Your copy begins at the line with "laundry room featuring" and runs through the end of the data below. Set down only those lines exactly, without pictures.

**** Provided records ****

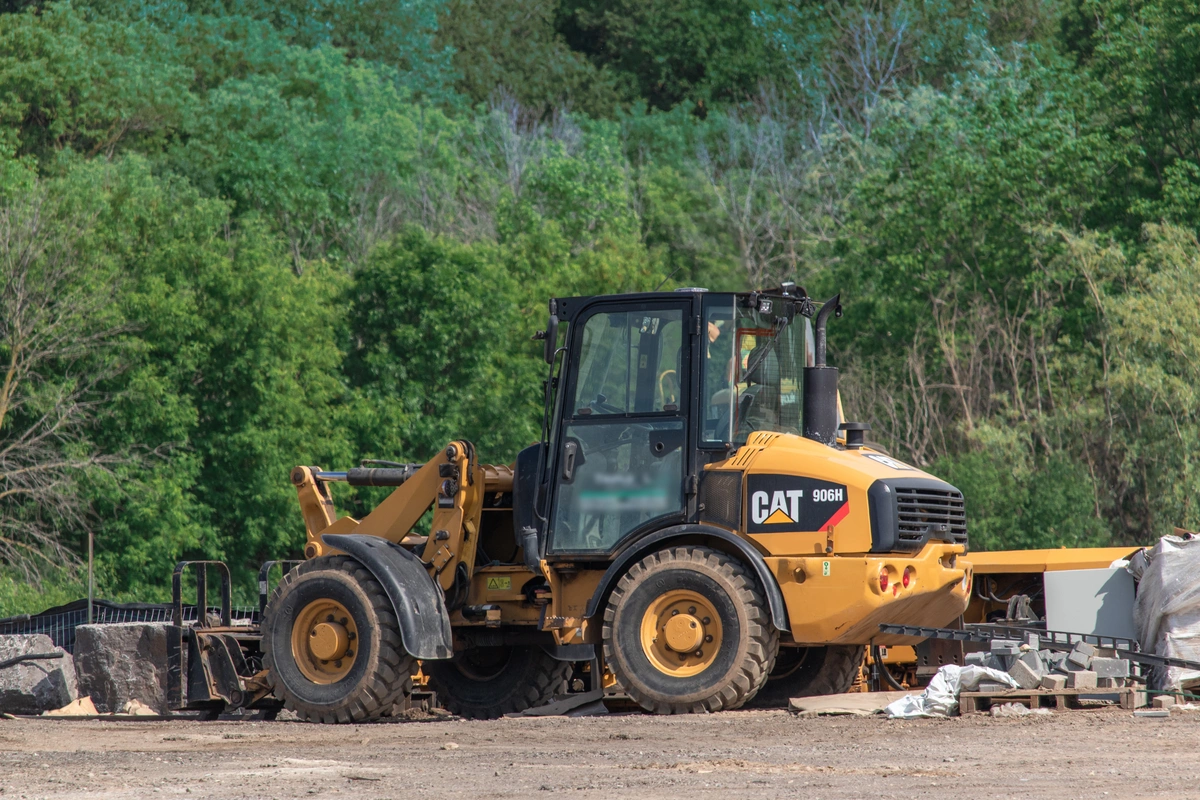 A yellow 906H Caterpillar wheel loader loader with fork attachments sitting idle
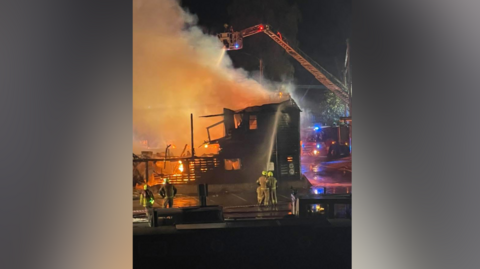 Firefighters at the scene of a fire at an industrial building in Standard Quay, Faversham, Kent. Patches of fire can be seen in the building, alongside a crane with a hose spraying the flames. Several firefighters can be seen in the image.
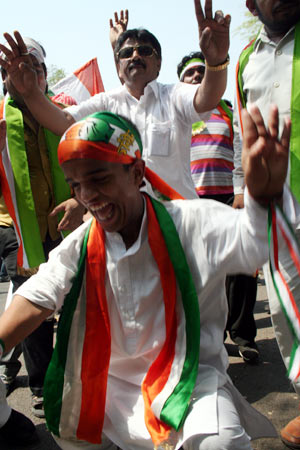 Congress workers celebrate in New Delhi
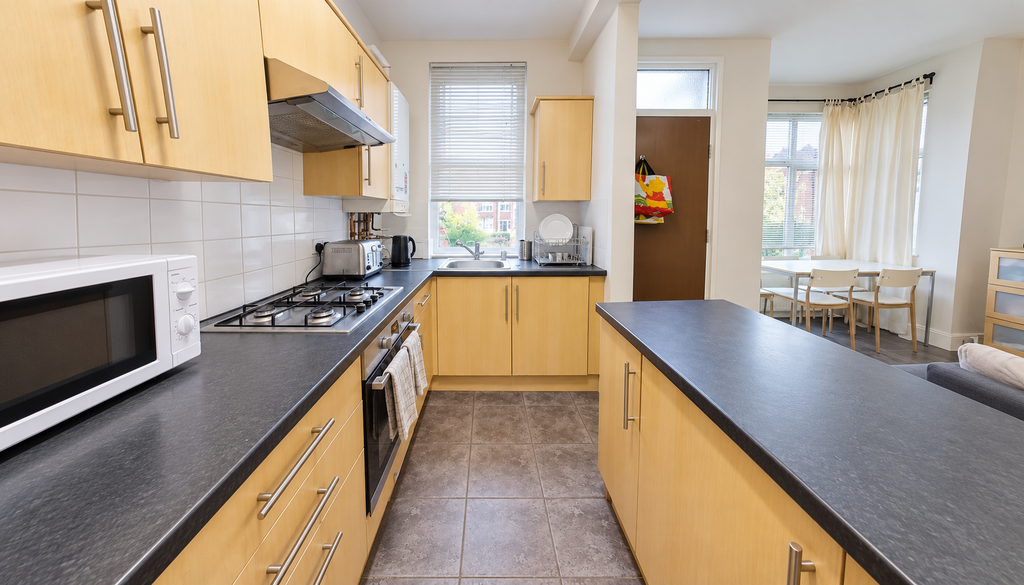 Property photo 2 of 11 Bright Modern Galley Kitchen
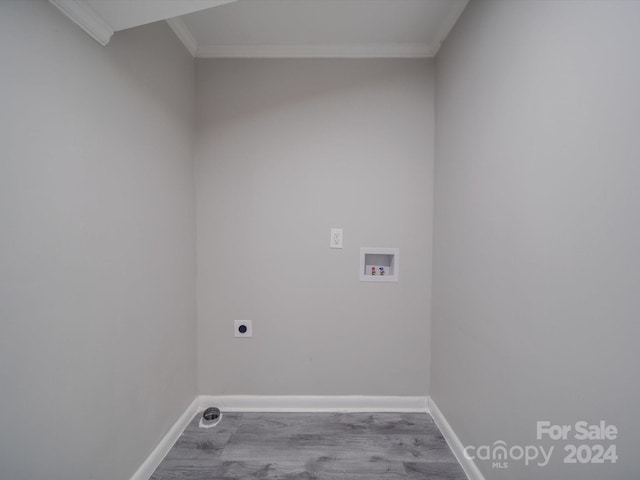 laundry room featuring hookup for an electric dryer, hookup for a washing machine, light hardwood / wood-style floors, and ornamental molding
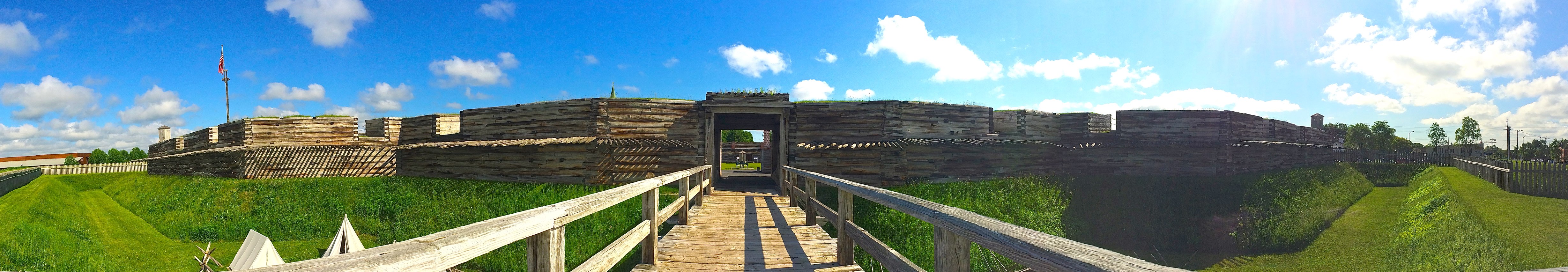 In front of you, a log cabin-style building stretches in front of you. You see a wooden bridge over a grassy ditch.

****

■ **Output of the exercise**:
 laundry room featuring hookup for an electric dryer, hookup for a washing machine, light hardwood / wood-style floors, and ornamental molding
 In front of you, a log cabin-style building stretches in front of you. You see a wooden bridge over a grassy ditch.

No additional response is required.